The technology grabbing all the headlines, however, is hybrid
technology: cars like the Toyota Prius - the must-have vehicle for
Hollywood stars with an environmental conscience (or those seeking
positive PR) - and Honda Civic IMA, Honda Insight and Ford Escape
Hybrid have outsold all manufacturers' expectations.
These effectively combine an efficient petrol engine with an electric
motor; the electric motor propels the car silently and cleanly from
start-up and at low city speeds, with the petrol engine kicking in when
more acceleration is needed, and is assisted again by the electric
motor when, for example, more urge is required for overtaking.

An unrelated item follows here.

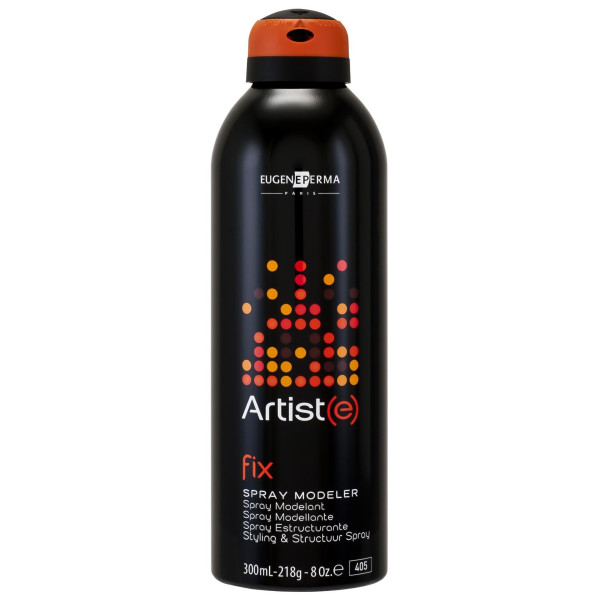 Spray Modeling Artist 300 ML Spray Modeling Artist 300 ML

Other manufacturers have also pledged to offer hybrids in the near
future. Cynics have argued that hybrids still offer little - if any -
advantage in terms of fuel consumption and cost-per-mile than a
comparable diesel engine, and they are more expensive to produce and
buy, but the electric 'city' mode is an undoubted plus point, and after
all, Leonardo DiCaprio owns a whole fleet of Toyota Priuses...
Diesel-electric hybrids promise even greater advantages, and the first
production examples should appear in the near future, although these
are even more expensive to produce than petrol hybrids.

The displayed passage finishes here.